0

I have a nodejs app where a user can supply a url that is an external url, like www.google.com, or one that points to one of the webapp's pages, like A/B/C.aspx.

To make sure that the url is valid, I have been doing:

const request = require("request");
request(url, (err, response) => {
    if (err || (response && response.statusCode !== 200)) {
        // not valid, though maybe I should be more lenient and allow codes < 400
    }
    else {
        // valid
    }
});

However, I came across an issue where a url that pointed to webapp page that didn't exist would pass. This, I found out, was because the invalid url was being redirected to a valid url, and response.statusCode was set to 200.

To fix this, I turned off redirection by replacing the url parameter with the object {url: url, followRedirect: false}, however this just causes the response.statusCode to be set to 302.

Not only do I want it to not redirect, but I want it to validate the supplied url, so that the statusCode is set to 404 if the page isn't found rather than to 302.

Can this be done?

pushkin
  • 9,575
  • 15
  • 51
  • 95
  • What does your last sentence mean? You don't control what status code is returned. If the target server wants to return a 302, that's what it is going to do. You just have to decide what to do when you get a 302. You can either decide you don't like that as a valid response, you can look at what it's being redirected to and decide based on that (like redirected to the same domain, just a different path) or you can then go validate the URL that it is being redirected to. That's all up to you. – jfriend00 Jul 19 '17 at 22:42
  • @jfriend00 You're right that I can't tell it what to return, but I was wondering if the `request` module had a way of pretending that no redirection is requested, so instead of returning the 302, it would return a 404 or 200. In my case, redirection should be valid, but I also want to make sure that the supplied url points to a valid page. – pushkin Jul 19 '17 at 22:45
  • No. I don't think the request module has that option. You code it yourself in the response handler. If you want to allow redirects, but want to make sure the redirect page is valid, can't you just let it follow the redirection and then either get a 200 page or some error status? – jfriend00 Jul 19 '17 at 22:47
  • @jfriend00 The problem is that the invalid url, for reasons that I'm not in control of, redirects to a valid url, so if I let it redirect, I get a `statusCode` of 200, whereas I want it to be 404, since the supplied url was in fact invalid. – pushkin Jul 19 '17 at 22:51
  • You've got me totally confused.
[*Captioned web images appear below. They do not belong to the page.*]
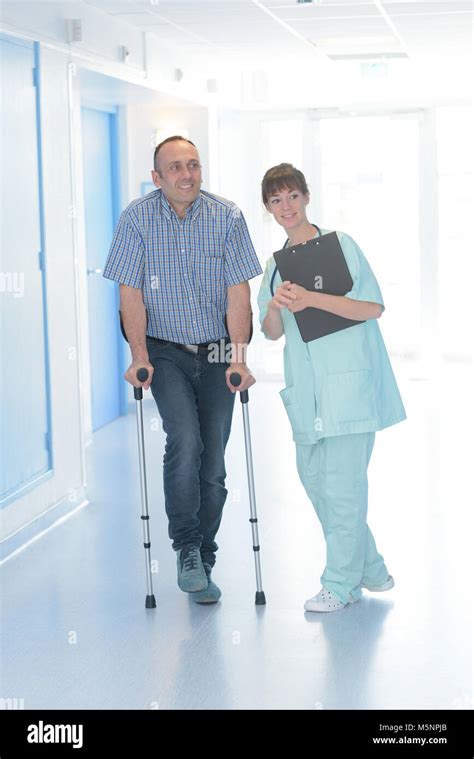 Nurse With Patient On Crutches Stock Photo Alamy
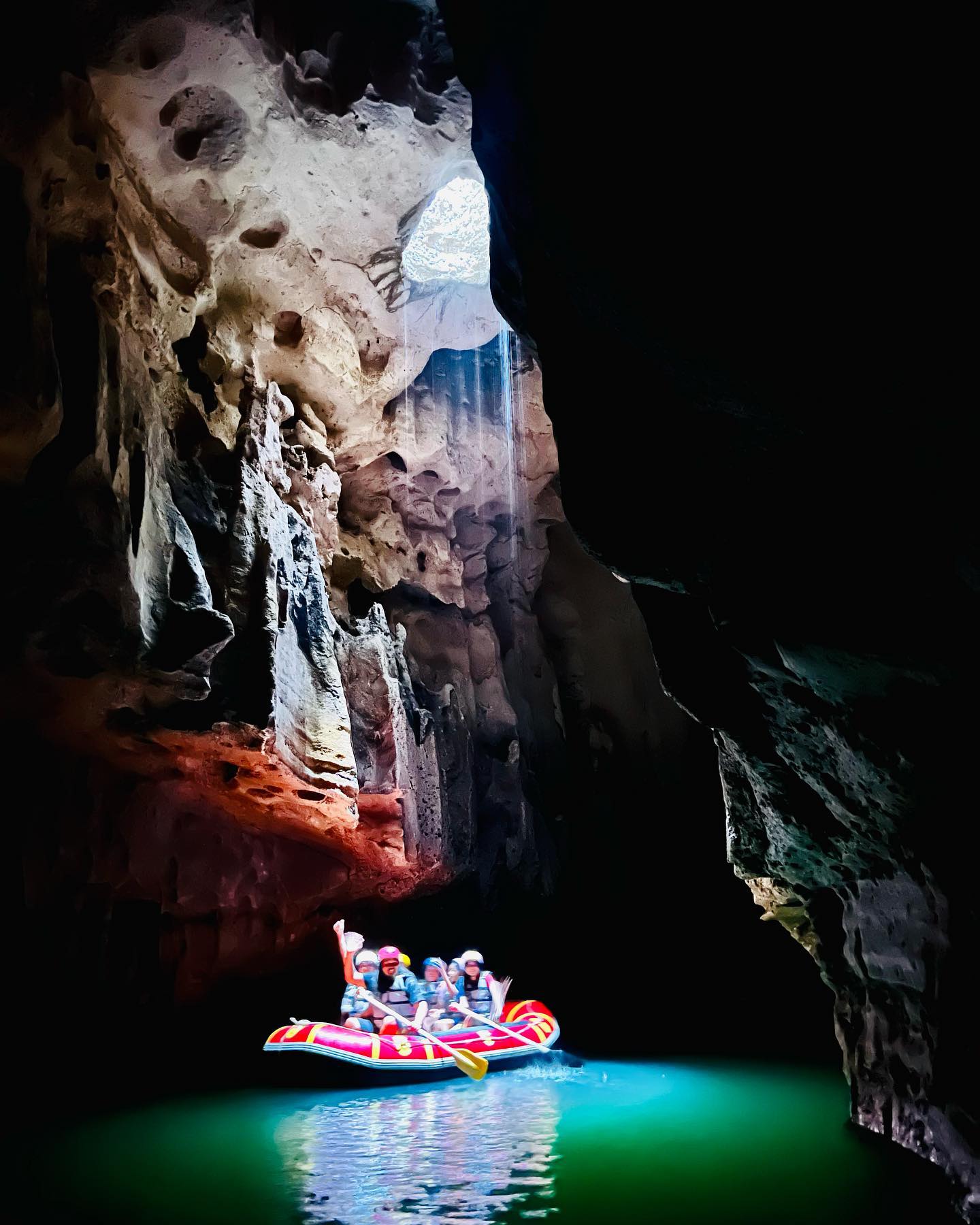 A group of people in an inflatable raft paddle through the underground river in Tanding Cave, illuminated by a beam of light shining through a hole in the cave ceiling.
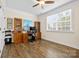 The office with wooden floors, a ceiling fan, and a large window at 7016 Bareland Rd, Fort Mill, SC 29707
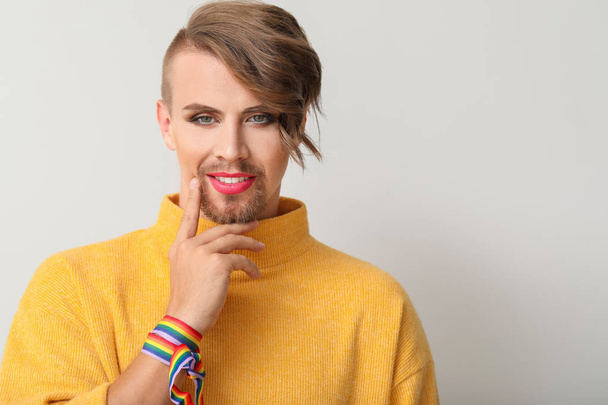 Portrait of young transgender woman on light background - Фото, зображення
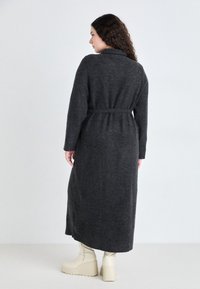 Long gray woolen coat with a belted waist, long sleeves, and a lapel collar, paired with cream platform boots. Back view.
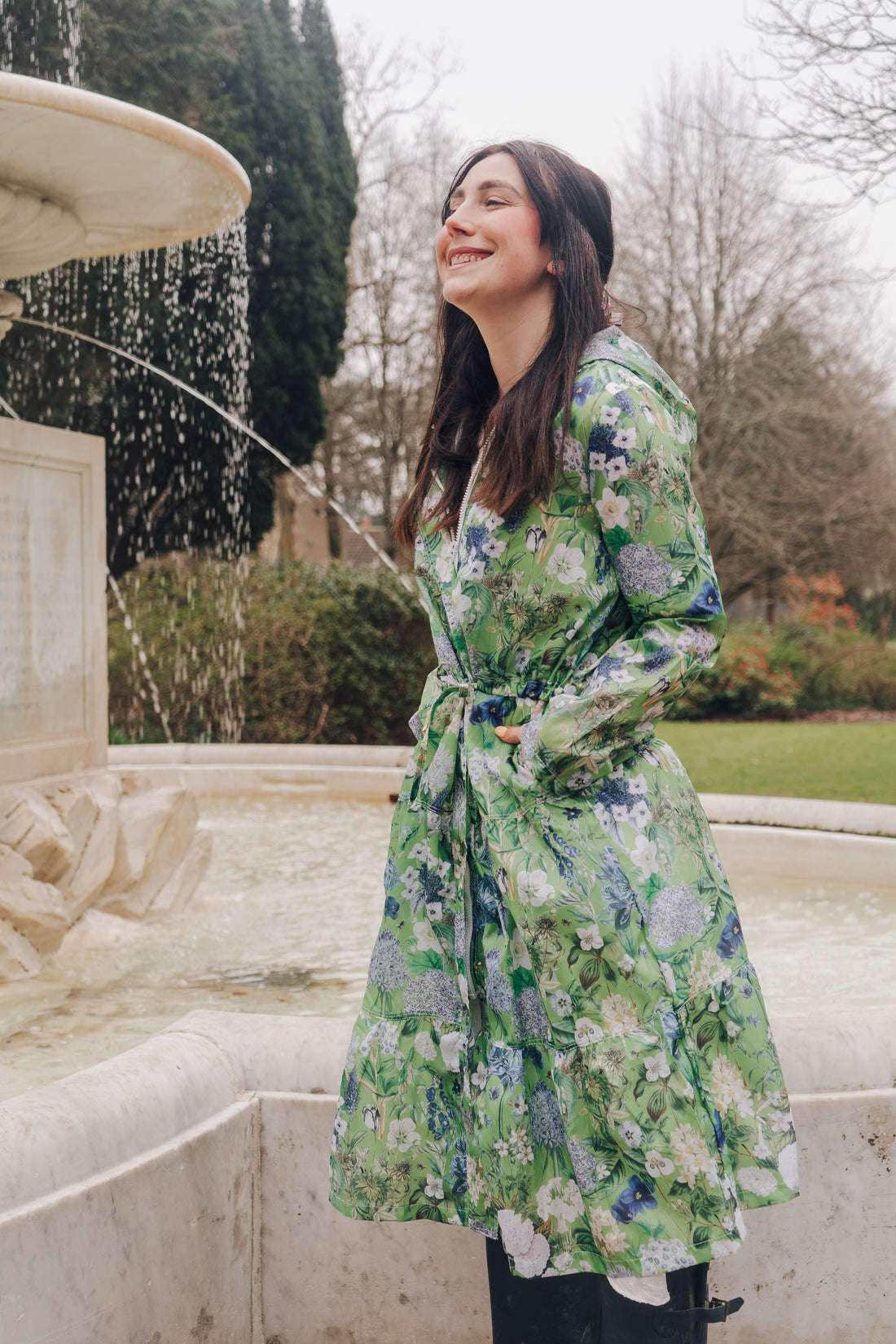 Beautiful light-weight calf length summer parka in a fresh Spring Green design. 
The Windsor Parka from Rosehip Design has a long tiered skirt, drawstring waist and fully lined hood.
You either want to allow 302 redirects if they redirect to a valid page or not. A URL that successfully redirects to another URL is NOT an invalid URL on it's own. It's a valid 302 redirect. So, here are your four cases: 1) Get 2xx response, success. 2) Get 400 or higher which you treat as an error. 3) Get 3xx and the URL it redirects to gets 2xx. 4) Get 3xx and the URL it redirects to does not get 2xx. When you've outlined what result you want for each of those four cases and put it in your question, then perhaps I could help you more. – jfriend00 Jul 19 '17 at 22:57
  • I'm not as interested in the url it redirects to as I am in the url that is redirected *from*. If there is no redirection, then it's simple. Something that comes back as <400 we'll treat as ok. Otherwise, it's an error. However if we're redirected from a page that doesn't exist (i.e. invalid url) to a page that *does* exist, I want to treat that as invalid. Right now, the result is either 200 if I allow redirection, or 302 if I don't allow redirection. I want it to be 200 if the *original* url is valid and 404 if it's not. – pushkin Jul 20 '17 at 03:02
  • You don't seem to understand that there is no such thing as a 302 where the original URL is not valid. No such thing. A 302 means that the server responded to that URL, thus it is being handled - it is a valid URL and not an error. And, likewise, there is no such thing as a 302 where there is some page associated with that original URL. I asked you to edit your question and state what behavior you want for the four conditions I listed. You either just don't understand what a 302 is or won't specify desired behavior which makes further interactions pointless. I tried, didn't work. – jfriend00 Jul 20 '17 at 03:12
  • @jfriend00 Thank you for the previous explanation, I *think* I was confused about what 302 implies. However, I'll first note that my terminology could have been clearer. When I say "invalid url", I'm not talking about an invalid format (e.g. "asd#@#$.3423#$"), I'm really talking about a url that points to a page that doesn't exist. Could that still get redirected? If it gets redirected, does that imply that the page does exist? – pushkin Jul 20 '17 at 03:22
  • A 302 means the server is not going to give you a page for that URL right now. Instead, it wants you to go to another URL. What that actually means is totally up to the server. It could be that this is just an old version of what used to serve a page and they are now referring you to the new location of that page. Or, it could mean you aren't logged in and you have to go to the login page first. Or, it could be a catch all handler for pages that never existed and they just want to show you some other content at some other URL instead. As a client, you have no way of knowing which it is. – jfriend00 Jul 20 '17 at 03:27
  • @jfriend00 I see. So your last scenario is the likely one. The page doesn't exist and I get redirected. But I want to be able to figure out if that page doesn't exist. If I do a request, I guess the client will just get redirected if the server says so. So rather, I guess I need to ask the *server* if the page exists. – pushkin Jul 20 '17 at 03:37
  • 1
    There is no such thing as ask a server if the page exists. You issue a GET request for the page. The server either gives you some content, gives you some sort of error or gives you a redirect. Those are your three outcomes. When you get a redirect, there's no way to ask if there's actually a page behind that original URL sometimes or not. As of this moment, there is not - there's only a redirect. It seems for your purposes, you should just count 3xx status codes as "no page there" and call it a day. – jfriend00 Jul 20 '17 at 04:08
  • If, down the road, you find some exception to that, then you can figure out how to detect that exception, but there's no generic way to find if there's sometimes an actual page behind this URL that is now giving me a 302. The only response you know about for that original URL is the 302 referral to another URL. That's it. – jfriend00 Jul 20 '17 at 04:10

1 Answers1

1

I'll try to roll all my comments into an answer in an attempt to wrap up this question.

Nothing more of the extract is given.